Il ne s’agissait pas de laisser ces choses se déchaîner, a-t-il dit. Dans ces environnements de laboratoire, ils essaient simplement de déplacer des objets sur une table.

Google, pour sa part, a déclaré que le RT-2 était équipé de nombreuses fonctionnalités de sécurité. En plus d’un gros bouton rouge à l’arrière de chaque robot qui arrête le robot dans son élan lorsqu’il est pressé, le système utilise des capteurs pour éviter de heurter des personnes ou des objets.

Le logiciel d’intelligence artificielle intégré au RT-2 possède ses propres protections, qu’il peut utiliser pour empêcher le robot de faire quoi que ce soit de nuisible.
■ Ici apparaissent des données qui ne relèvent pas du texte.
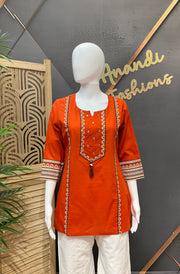 Orange Pure Cotton Short Kurti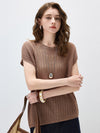 COMOBOCA Women's Openwork Side Slit Knit Top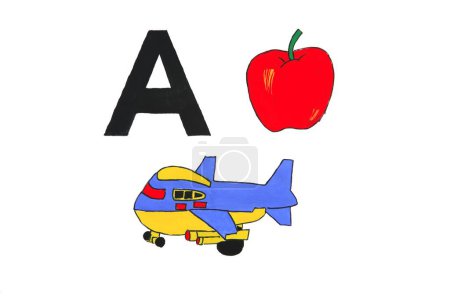 Photo for Watercolour painting of alphabet a with aeroplane and apple - Royalty Free Image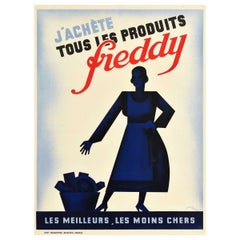 Original Vintage-Werbeplakat „J'Achete Tous Les Produits Freddy Products“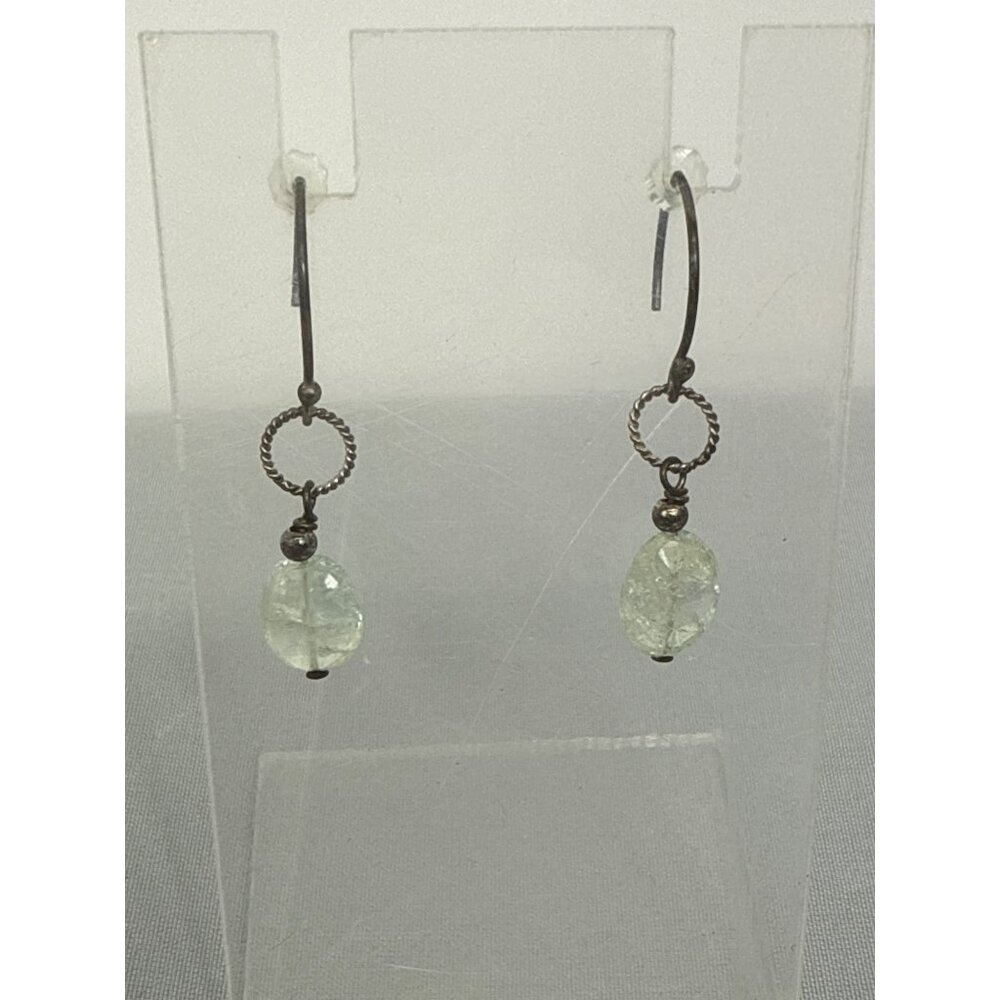 Dangle Earrings With Green Gemstone Beads & Oxidized Silver Hoops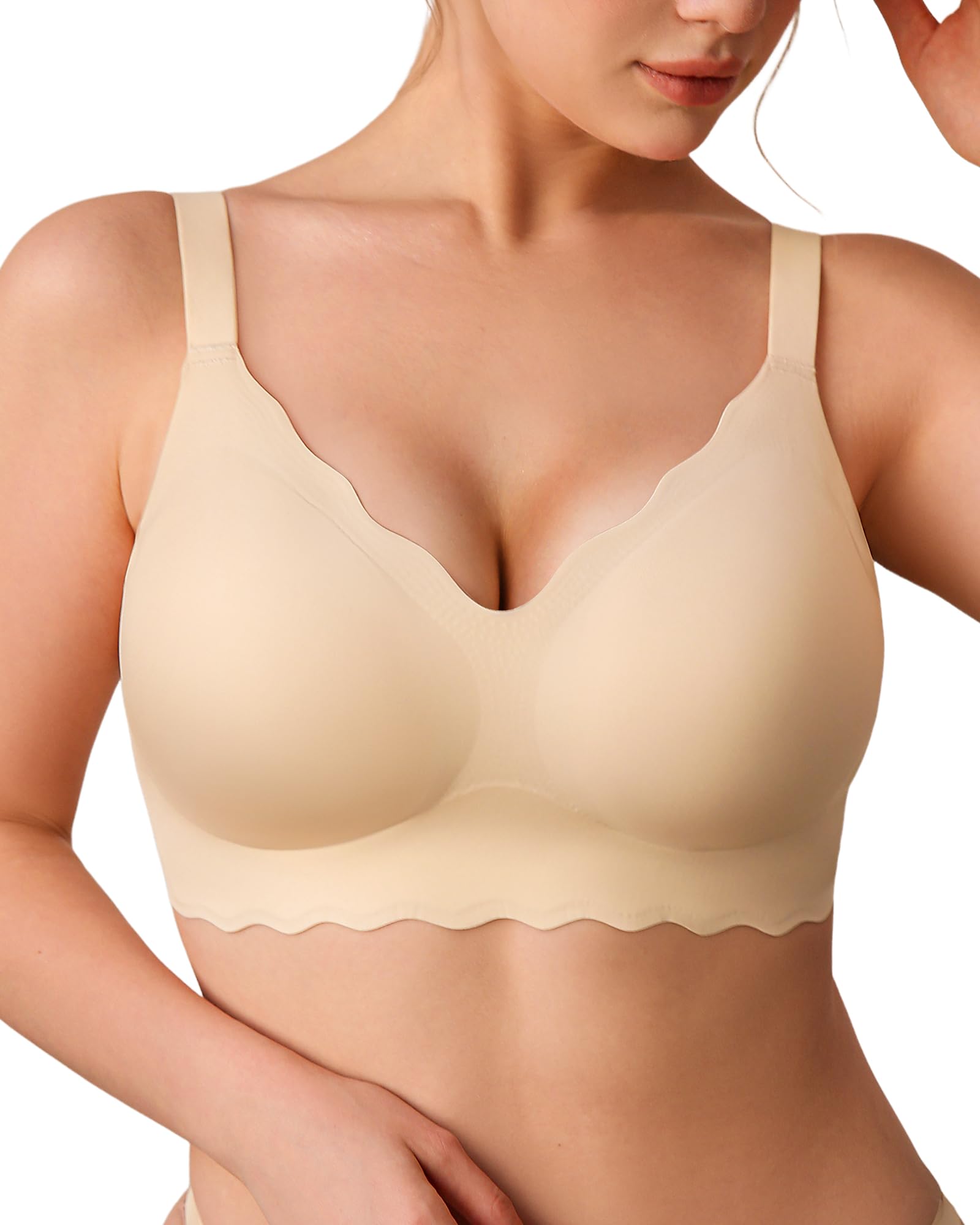 MYSABIELA Jelly Bras for Women Deep V Bras Wireless Bra Supportive No Underwire Bras Tshirt Push Up Bralettes Bra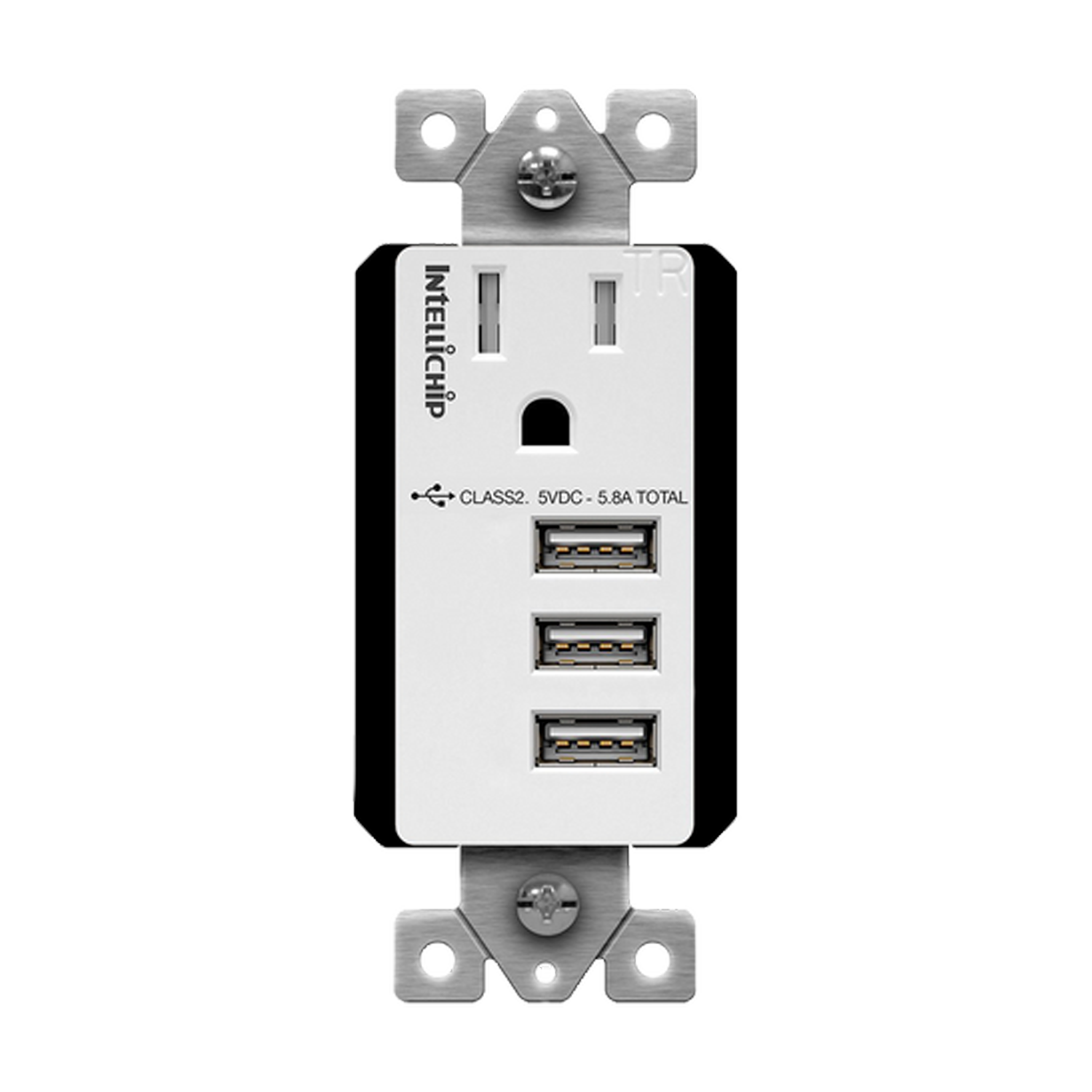 Interchangeable Triple USB Charger 5.8A with 15A Single Tamper-Resistant Receptacle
Un exemple bénin : les robots de Google peuvent être entraînés à ne pas ramasser des récipients contenant de l’eau, car l’eau peut endommager leur matériel en cas de déversement.

Si vous êtes le genre de personne qui s’inquiète du fait que l’IA devienne un voyou et qu’Hollywood nous ait donné de nombreuses raisons de craindre ce scénario, du Terminator original aux dernières années, M3gan l’idée de fabriquer des robots capables de raisonner, de planifier et d’improviser à la volée frappe probablement vous comme une idée terrible.

Mais chez Google, c’est le genre d’idée que les chercheurs célèbrent. Après des années dans le désert, les robots matériels sont de retour et ils doivent remercier leur cerveau de chatbot.